Out of three potential stablecoin scenarios, two could potentially lead to concerns for EU market integration and interoperability, as well as to risks to financial stability, therefore affecting safety and efficiency of the payment system, according to the European Central Bank (ECB).
In their recent report, the ECB Crypto Assets Task Force said that stablecoins may fall outside of the scope of the Single Euro Payments Area (SEPA) Regulation “that harmonises the way cashless euro payments are made across Europe and mandates interoperability.”
Stablecoin initiative such as Facebook‘s Libra, said the paper, could potentially lead to a pan-European coverage, but a pan-European reachability (having the ability to make payments at the national and EU level under the same conditions for all consumers) could necessitate “a deliberate effort.”
Additionally, should there be multiple stablecoin arrangements, the situation may lead to a fragmentation across the arrangements’ networks. “From a demand side perspective, users may face trade-offs between convenience on the one hand and additional costs (e.g. cash-out and other fees, idle balances) and switching barriers on the other hand,” the paper argued.
Within the paper, the Task Force aimed to assess stablecoins’ implications for the euro area based on three scenarios for the uptake of stablecoins, as they explained:
- as a cryptoassets accessory function that allows securing cryptoasset revenues in less volatile assets without leaving the crypto ecosystem;
- as a new payment method;
- as an alternative store of value.
The first scenario is described as “merely the continuation of the current state of the market,” which has so far posed no concerns for the financial sector and/or central bank tasks.
On the other hand, “stablecoins of the type envisaged in the second scenario may reach a scale [of operations such that fragilities within the stablecoin arrangement itself, and its links to the financial system, may give rise to financial stability risks – or in other words] such that financial stability risks can become material, and the safety and efficiency of the payment system may be affected.”
When it comes to the third scenario, “stablecoins collateralized by high-quality liquid assets (e.g. tokenized funds) might increase the demand for safe assets, thereby possibly affecting asset price formation, collateral valuation, money market functioning and monetary policy space.” The third scenario is the least plausible – since stablecoin arrangements through collateralization will not be exempted from a low rate environment – but also the most relevant from a monetary policy perspective, the paper said.
And even though “significant implications for monetary policy could arise” should this least plausible scenario materialize, euro deposits and cash are still “expected to be resilient to the possible advent of an ‘alternative store of value’,” said the Task Force.
However, both in the second and third scenarios, stablecoins “are likely to coexist with cash in payment transactions.” The reason behind this, the paper said, is that “the unique characteristics of cash” is “being physical,” while stablecoins – at least in a short/medium term – are expected to compete primarily with other electronic means of payment.

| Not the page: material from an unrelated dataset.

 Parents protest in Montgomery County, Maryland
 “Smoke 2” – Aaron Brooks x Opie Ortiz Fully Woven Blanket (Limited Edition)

The Task Force stated that “even in a scenario where stablecoins satisfy the demand for storing value, they are likely to coexist with euro banknotes” – a statement they claimed stands true for the demand from outside the euro area as well, especially as euro banknotes are held by those who distrust their own country’s currency or banking system, but do trust the international currency in cash as its physical form. “It is hardly imaginable that in such situations people will store their last resort assets in a digital form,” they added.
The paper concluded that, under more plausible scenarios, the Eurosystem possesses a range of tools to manage the impact of stablecoins on its mandate and tasks, while it continues monitoring the stablecoins market development in order to be able to respond to rapid changes in all possible scenarios.
Meanwhile, in the US, as reported today, the Office of the Comptroller of the Currency (OCC) has clarified that US national banks and federal savings associations are now officially permitted to engage with fiat-backed stablecoins, while the Securities and Exchange Commission (SEC) stated that stablecoins are not necessarily securities.